New political surveys in the U.S. show that President Barack Obama has, at least for the moment, edged ahead of Republican Mitt Romney as the two candidates enter the final eight weeks of the country's presidential election campaign.
The two candidates had been virtually tied in surveys a week ago after completion of Mr. Romney's national Republican convention. But after Mr. Obama accepted the Democratic nomination for a second term as president at his party's convention last week, four polls showed his support increasing.
U.S. presidential candidates frequently get a “bounce” of support after their national conventions, but Mr. Obama's appears to be more substantial than Mr. Romney's. Sometimes such gains prove to be short-lived, but not always.
Two prominent polls tracking voter sentiment over several days — the Gallup and Rasmussen Reports surveys — showed the president with his biggest lead in several weeks. The Gallup poll Monday showed an Obama lead of 49 percent to 44, with Rasmussen at a similar 50-45 count.
The candidates are focusing their campaigning on key states where the surveys show voter sentiment is virtually split between the two. The U.S. does not elect its presidents by popular vote, but rather through an electoral college system in which each state's influence on the outcome is weighted by its population.

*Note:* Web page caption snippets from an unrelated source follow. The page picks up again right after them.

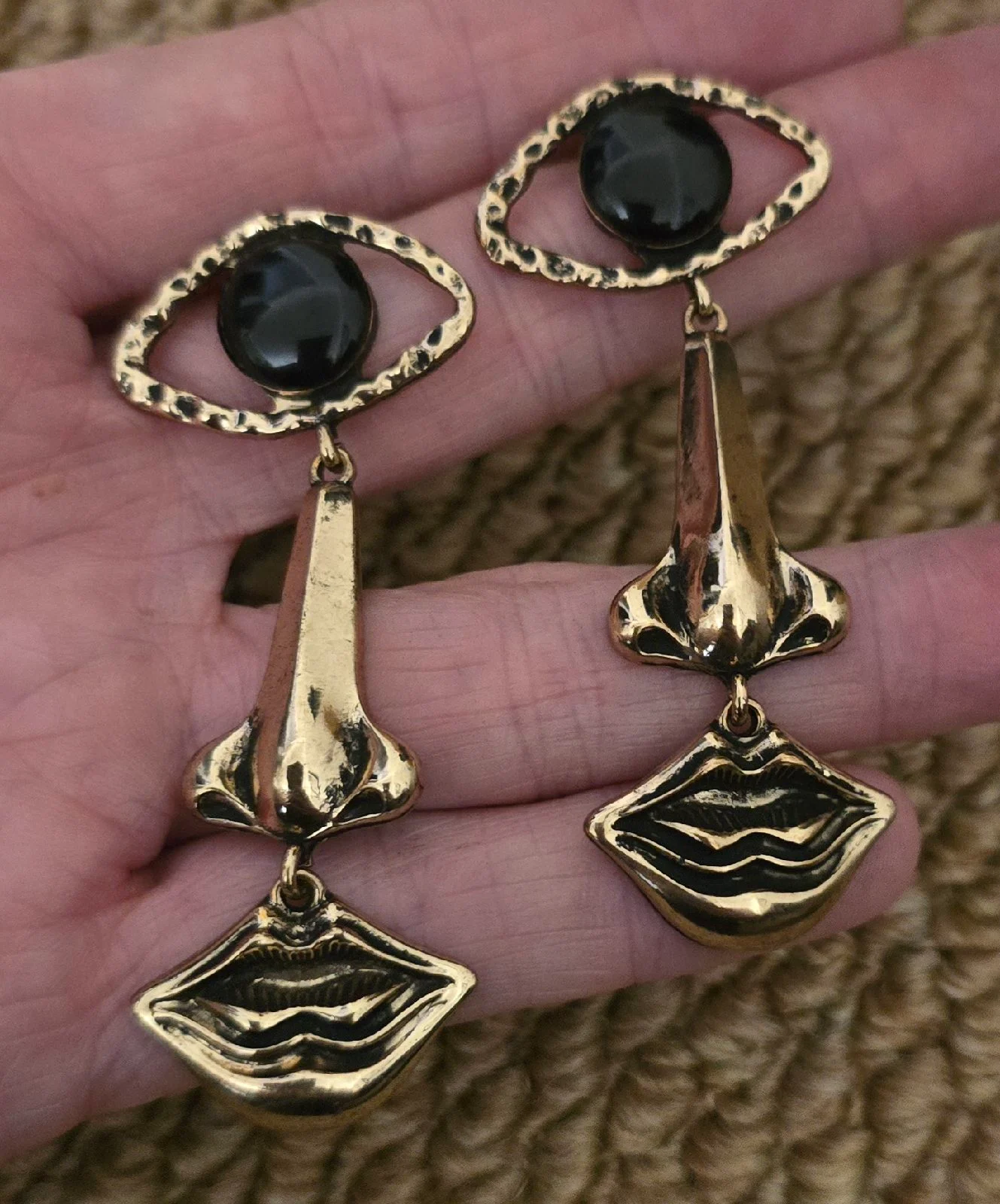Stunning Black & Gold Tone Facial Design Earrings.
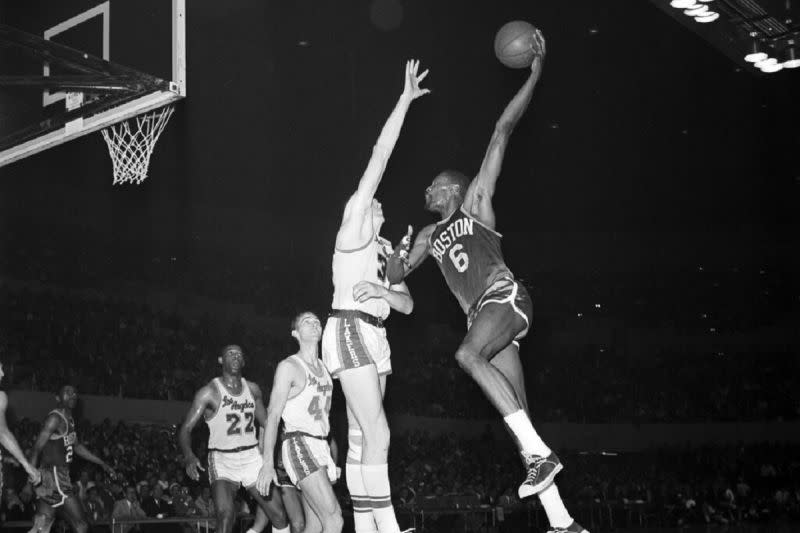 ▲NBA傳奇球星Bill Russell（深色球衣者）在1962年NBA總冠軍賽G7上砍下30分40籃板。（圖／美聯社／達志影像）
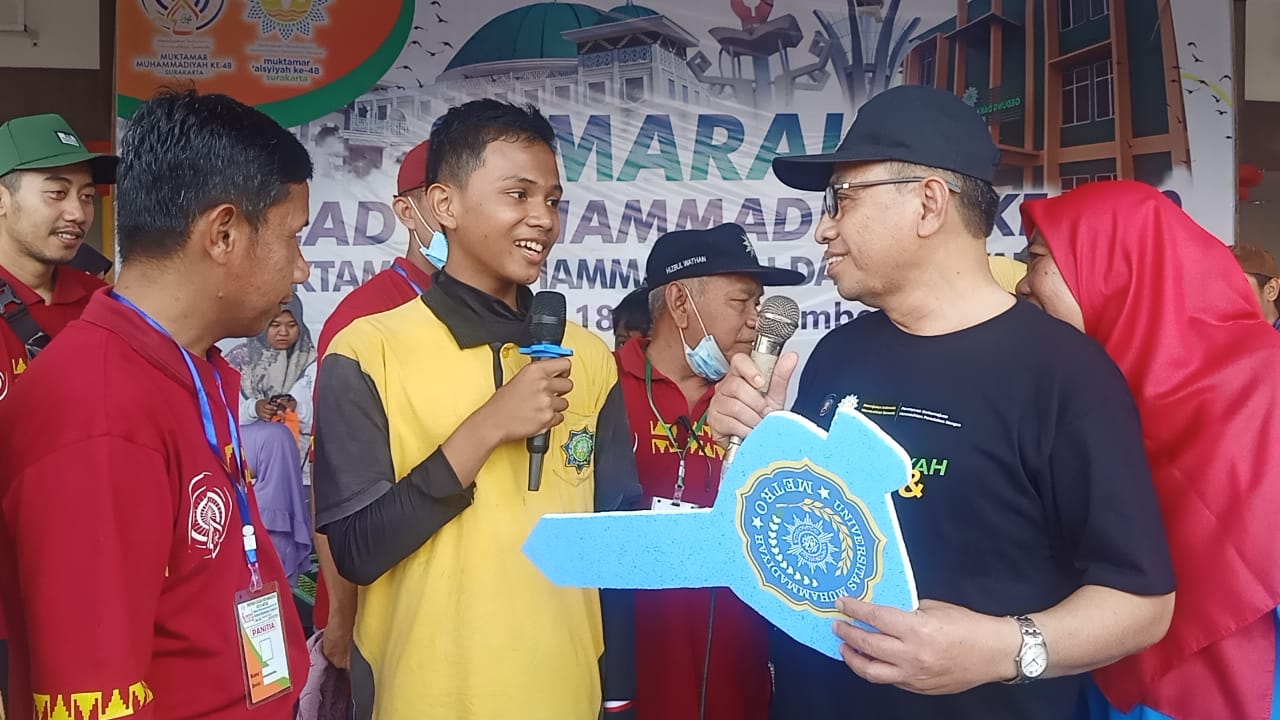 Rektor UM Metro Serahkan Hadiah Utama Jalan Sehat, Semarak Muktamar Muhammadiyah dan Aisyiyah ke-48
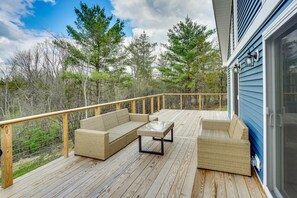 Terrace/patio - Sleepy Hollow Lake Home w/ Deck, Pool Access! (Athens)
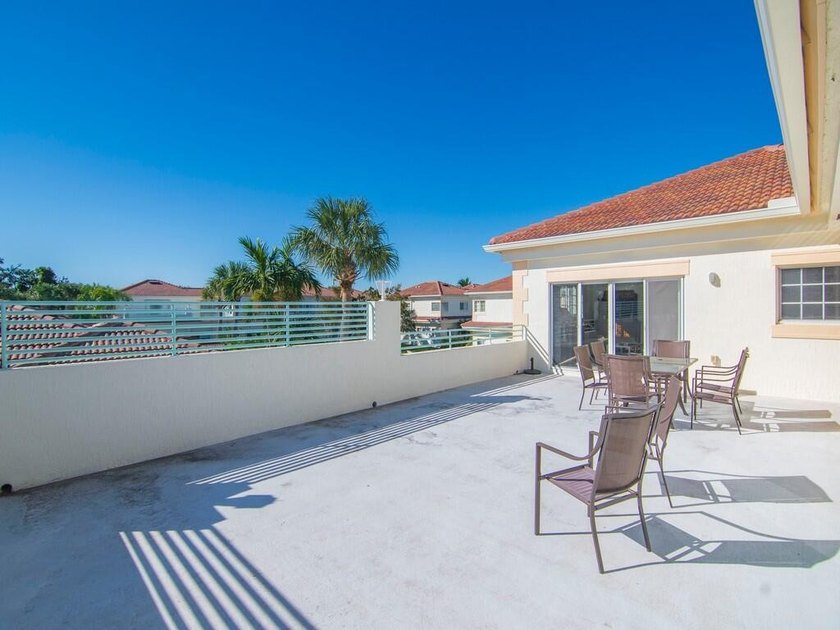 Perched just over 2,200 sq ft, this elegant penthouse condo - Beach Condo for sale in Vero Beach, Florida on Beachhouse.com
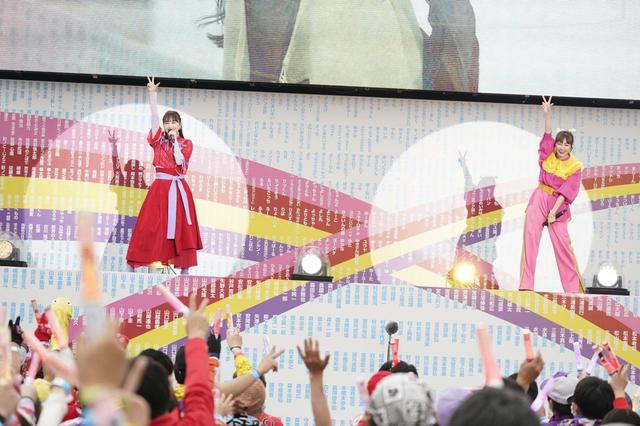 ももいろクローバーZ「ももクロ 春の一大事2022 ~笑顔のチカラ つなげるオモイ in 楢葉・広野・浪江 三町合同大会~」 撮影:増田慶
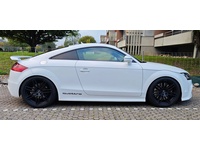 Bild 2: Audi TT RS Coupé 2.5 TFSI Plus quattro S-Tr. Bild 2: Audi TT RS Coupé 2.5 TFSI Plus quattro S-Tr.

Mr. Obama's re-election campaign, for the first time in several months, narrowly out-raised Mr. Romney's fundraising effort in August.
Mr. Obama's campaign manager, Jim Messina, said Sunday the campaign had pulled in $114 million last month in conjunction with the Democratic National Committee. Hours earlier, the Romney campaign announced it had raised $111 million in August along with the Republican National Committee.
Although Mr. Romney was out-raised in August, it was the third straight month his campaign had collected more than $100 million and he has more cash in the bank than the president, as they head to the November 6 election.